● **TASK TO CARRY OUT**
Please output all the entries word for word, without the pictures.

____ INPUT

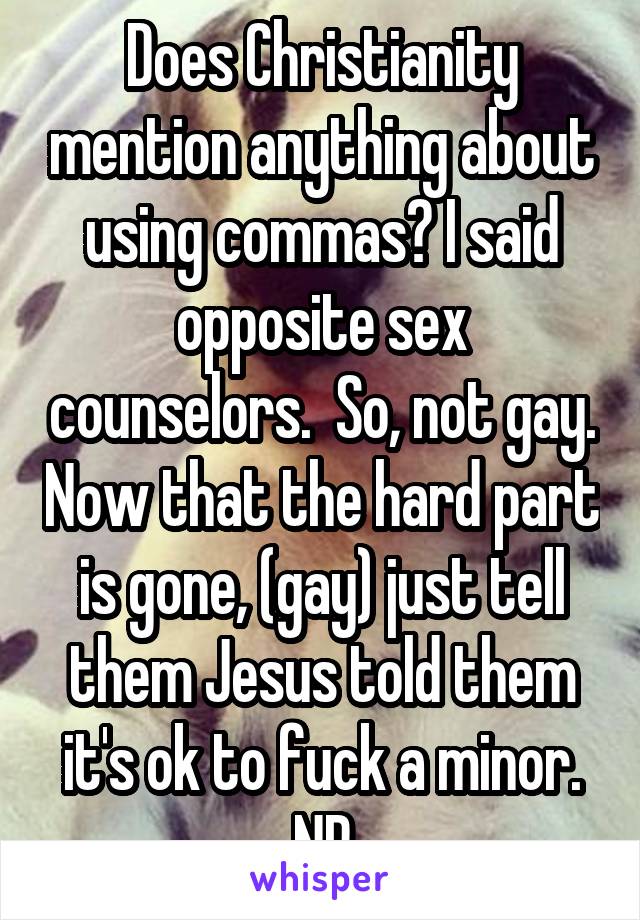 Does Christianity mention anything about using commas? I said opposite sex counselors.  So, not gay. Now that the hard part is gone, (gay) just tell them Jesus told them it's ok to fuck a minor. NP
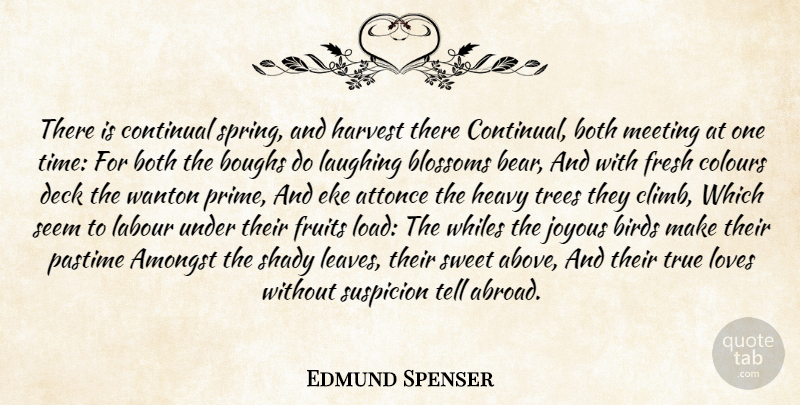 Edmund Spenser Quote About Sweet, Time, Spring: There Is Continual Spring And...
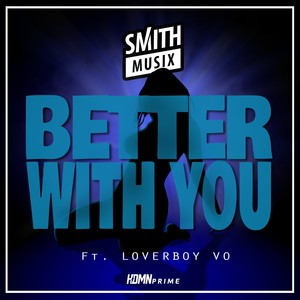 Better with You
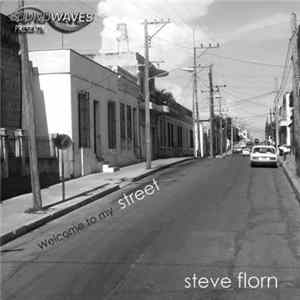 Steve Florn - Welcome To My Street flac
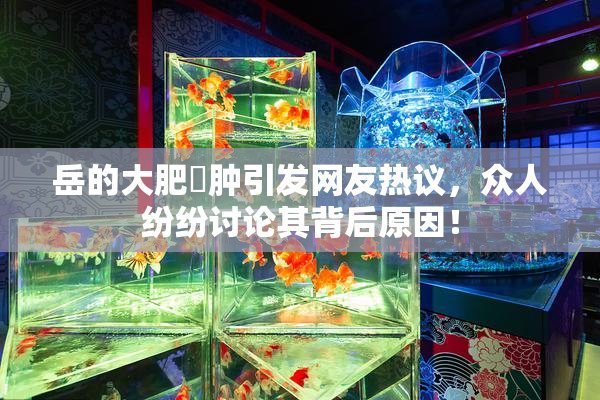 岳的大肥坹肿引发网友热议，众人纷纷讨论其背后原因！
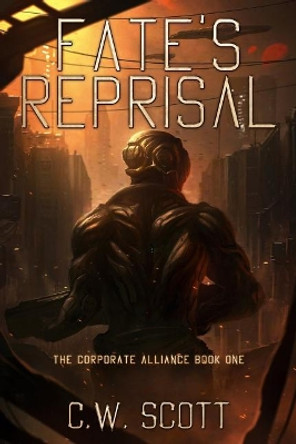 Fate's Reprisal C W Scott 9781523253081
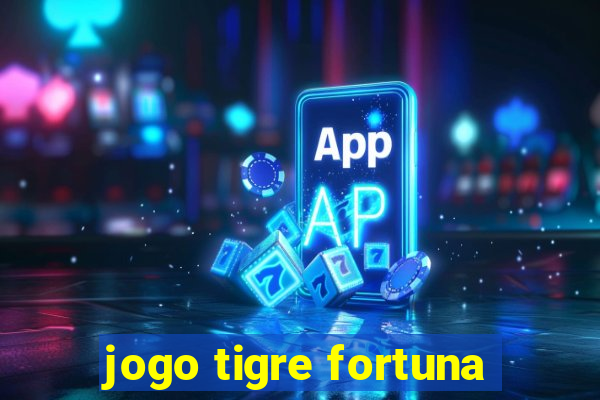 jogo tigre fortuna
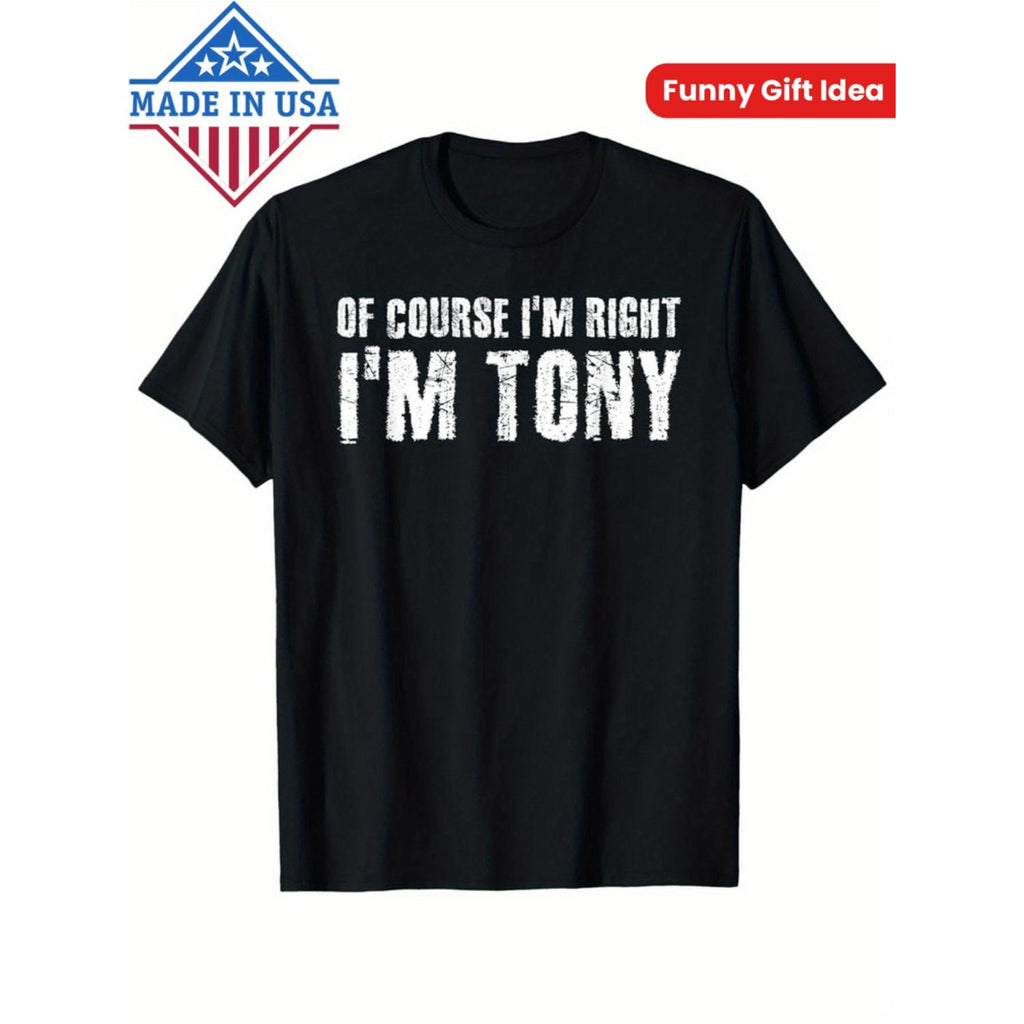 Unisex Adults Black Small Short Sleeve Classic Fit Crew Collar T Shirt with Modern Lace Embellishment Featuring Of Course Im Right Im Tony Funny Gift Idea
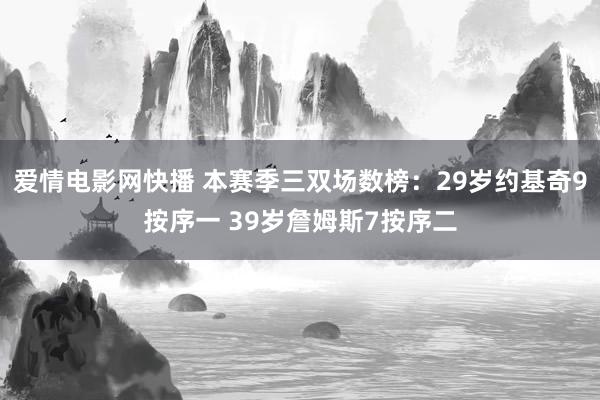 爱情电影网快播 本赛季三双场数榜：29岁约基奇9按序一 39岁詹姆斯7按序二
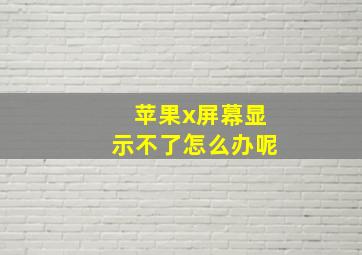 苹果x屏幕显示不了怎么办呢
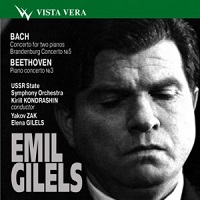 Vista Vera : Gilels - Bach, Beethoven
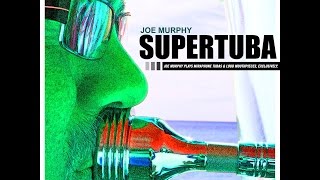 Joe Murphy - Supertuba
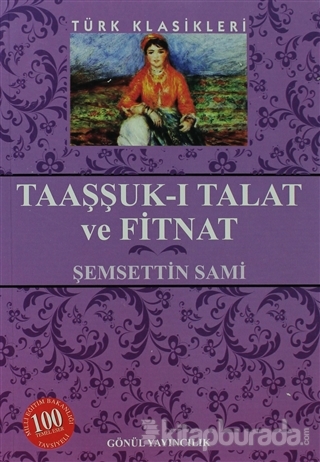 Taaşşuk-ı Talat ve Fitnat (Ciltli) Şemsettin Sami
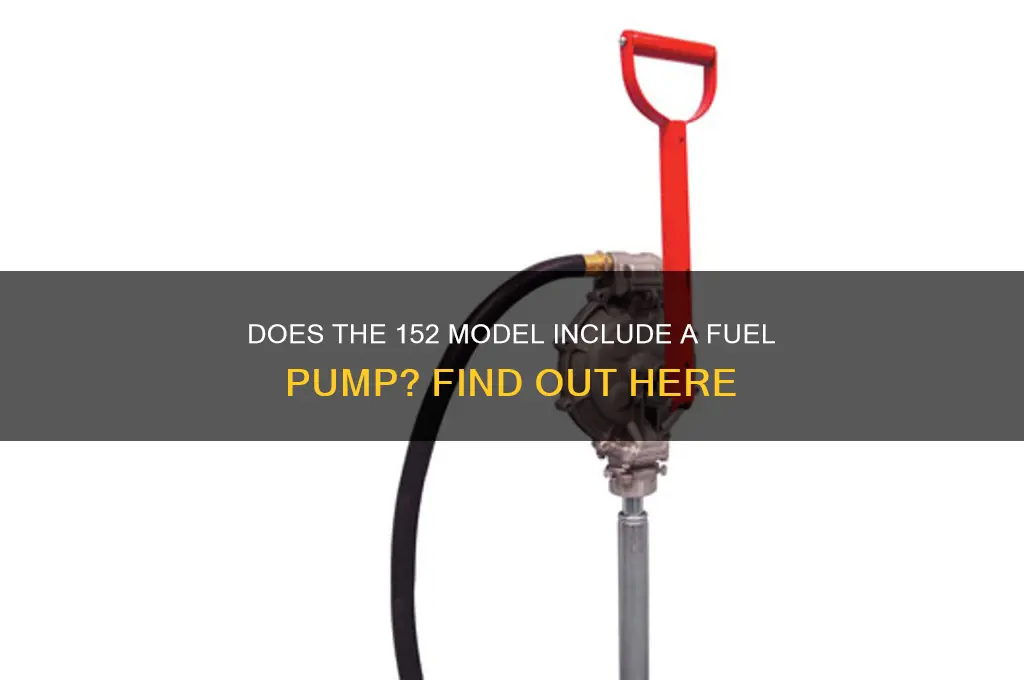 does 152 has a fuel pump
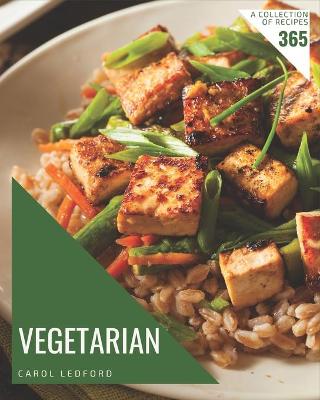 Book cover for A Collection Of 365 Vegetarian Recipes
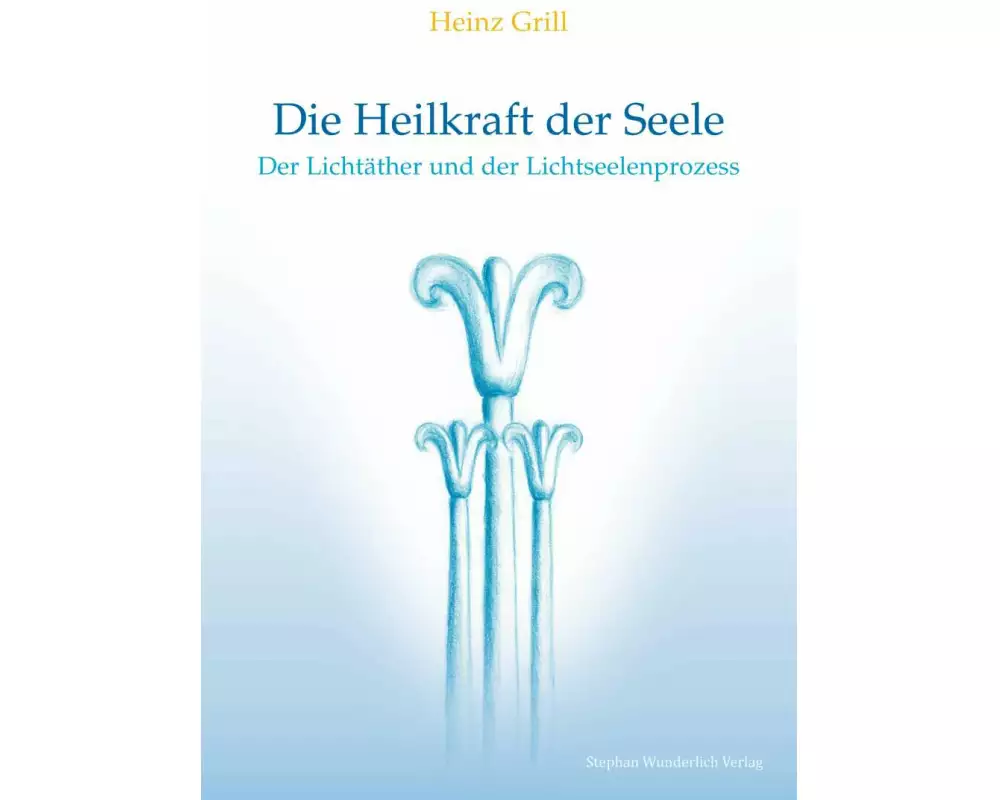 Die Heilkraft der Seele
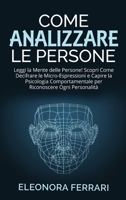 Come Analizzare le Persone: Leggi la Mente delle Persone! Scopri Come Decifrare le Micro-Espressioni e Capire la Psicologia Comportamentale per ... People (Italian Version) 1801728984 Book Cover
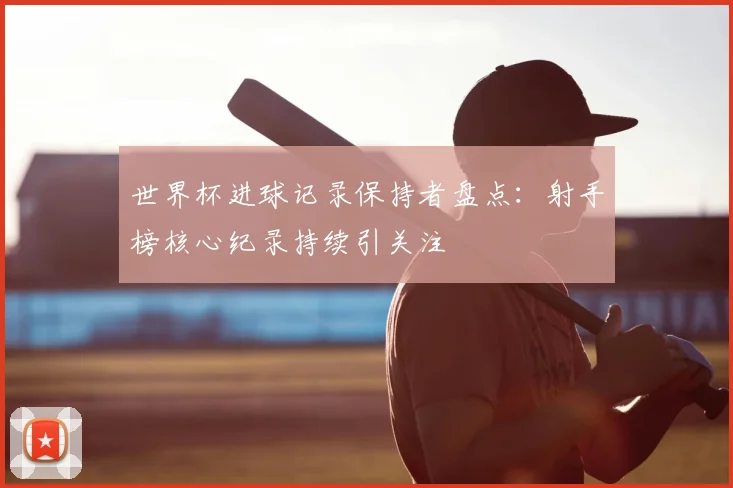 世界杯进球记录保持者盘点：射手榜核心纪录持续引关注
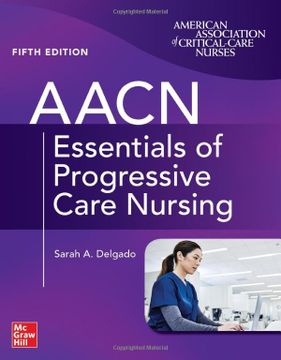 portada Aacn Essentials of Progressive Care Nursing, Fifth Edition (in English)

________

● **RESPONSE TO THIS TASK**
 Does Christianity mention anything about using commas? I said opposite sex counselors.  So, not gay. Now that the hard part is gone, (gay) just tell them Jesus told them it's ok to fuck a minor. NP
 Edmund Spenser Quote About Sweet, Time, Spring: There Is Continual Spring And...
 Better with You
 Steve Florn - Welcome To My Street flac
 岳的大肥坹肿引发网友热议，众人纷纷讨论其背后原因！
 Fate's Reprisal C W Scott 9781523253081
 jogo tigre fortuna
 Unisex Adults Black Small Short Sleeve Classic Fit Crew Collar T Shirt with Modern Lace Embellishment Featuring Of Course Im Right Im Tony Funny Gift Idea
 爱情电影网快播 本赛季三双场数榜：29岁约基奇9按序一 39岁詹姆斯7按序二
 苹果x屏幕显示不了怎么办呢
 Vista Vera : Gilels - Bach, Beethoven
 Joe Murphy - Supertuba
 Taaşşuk-ı Talat ve Fitnat (Ciltli) Şemsettin Sami
 does 152 has a fuel pump
 Book cover for A Collection Of 365 Vegetarian Recipes
 Die Heilkraft der Seele
 Come Analizzare le Persone: Leggi la Mente delle Persone! Scopri Come Decifrare le Micro-Espressioni e Capire la Psicologia Comportamentale per ... People (Italian Version) 1801728984 Book Cover
 世界杯进球记录保持者盘点：射手榜核心纪录持续引关注
 portada Aacn Essentials of Progressive Care Nursing, Fifth Edition (in English)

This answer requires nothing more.